Data shown Block Start

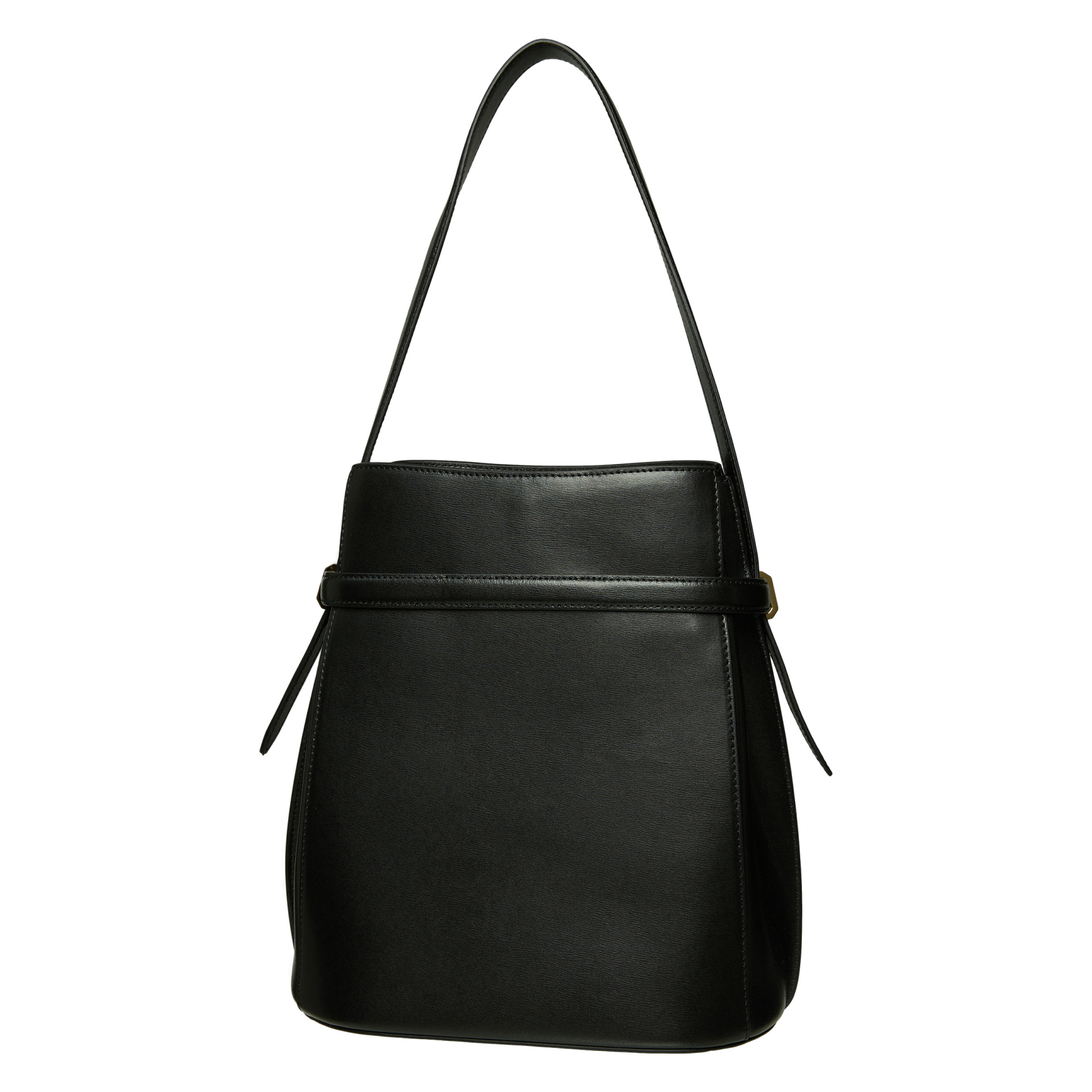 TOTEME Black Belted Leather Bucket Bag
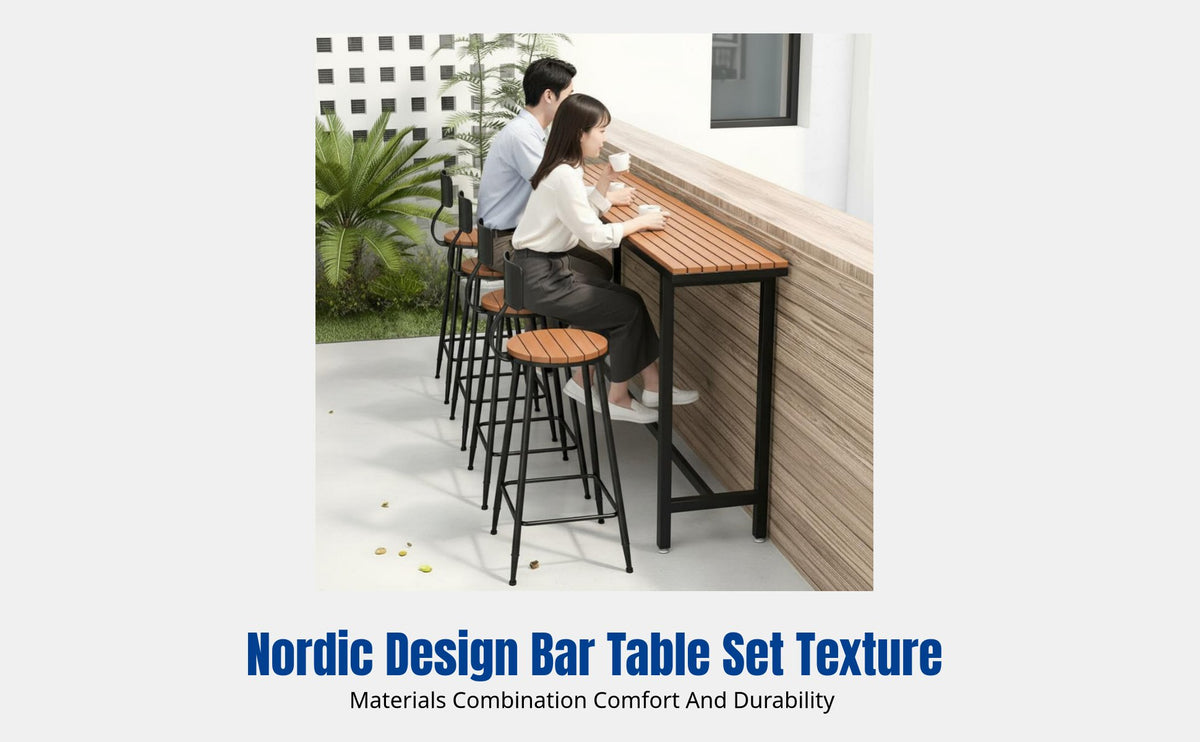 Nordic Plastic Wood Bar Table, High Stool Set, Restaurant, Milk Tea Shop, Iron Art, Wall-Mounted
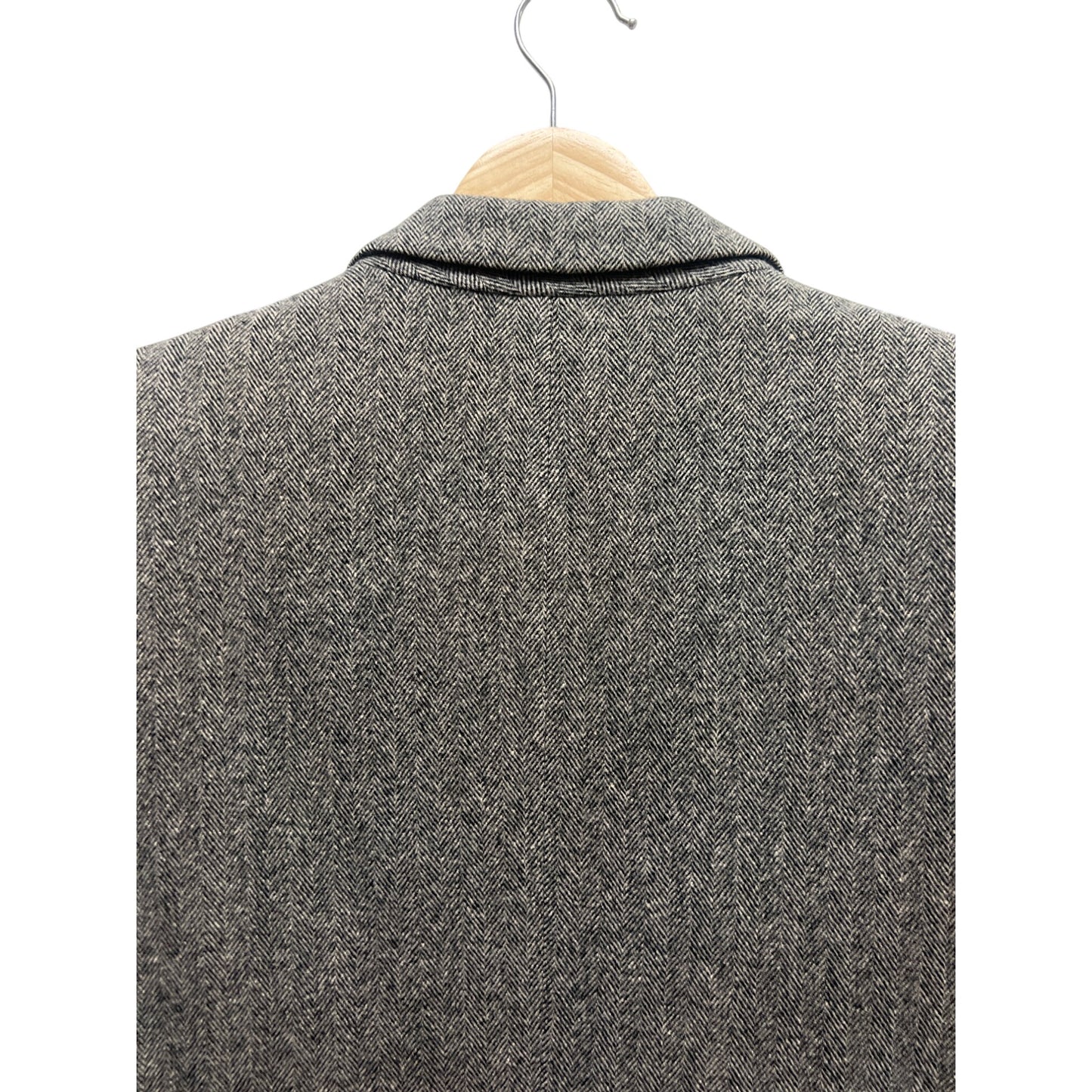 Pendleton Vintage 90's Y2K Gray Chevron Wool Black Faux Leather Trim Professional Blazer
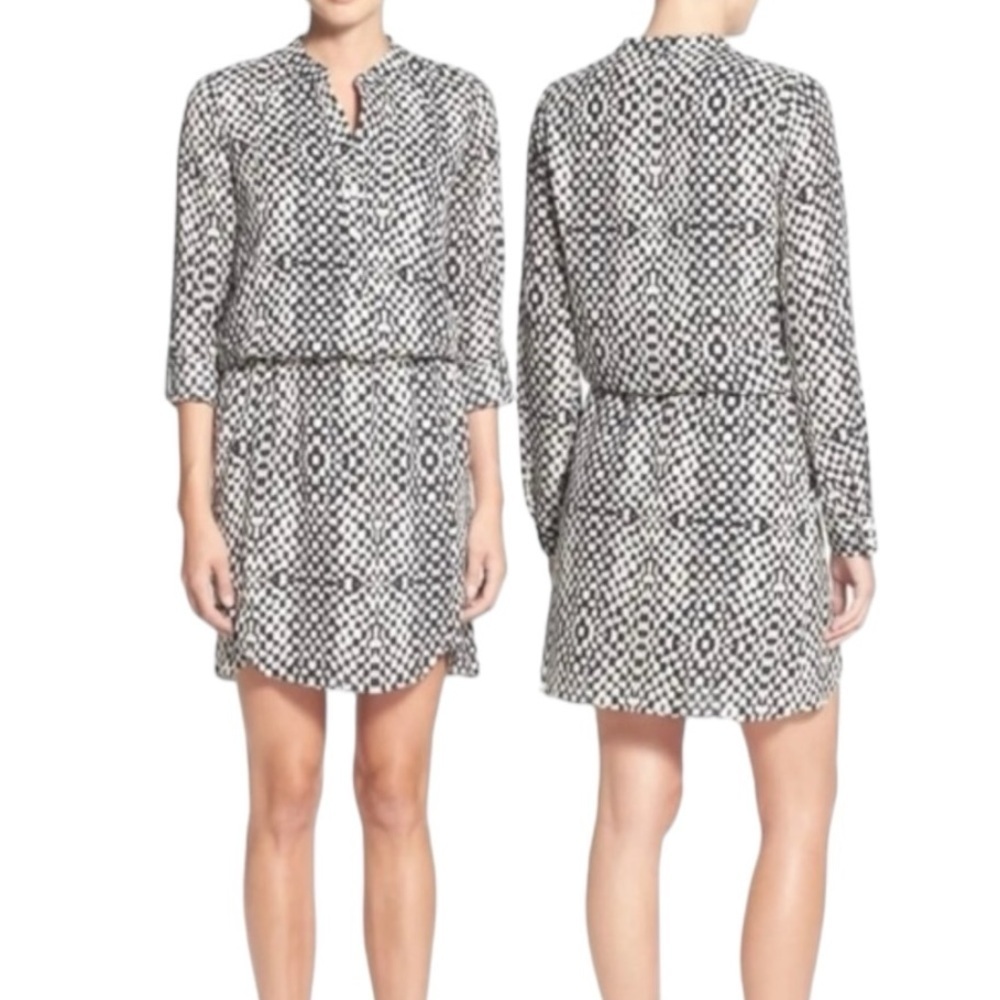 Sam Edelman Black White Abstract Mini Tunic Dress | Size XS | NWT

Data shown Block End

What the answer needs is every line from the one with "Pendleton Vintage 90's" through the last line of the data, reproduced word for word and with pictures omitted.

● **Problem solution**
 Pendleton Vintage 90's Y2K Gray Chevron Wool Black Faux Leather Trim Professional Blazer
 Sam Edelman Black White Abstract Mini Tunic Dress | Size XS | NWT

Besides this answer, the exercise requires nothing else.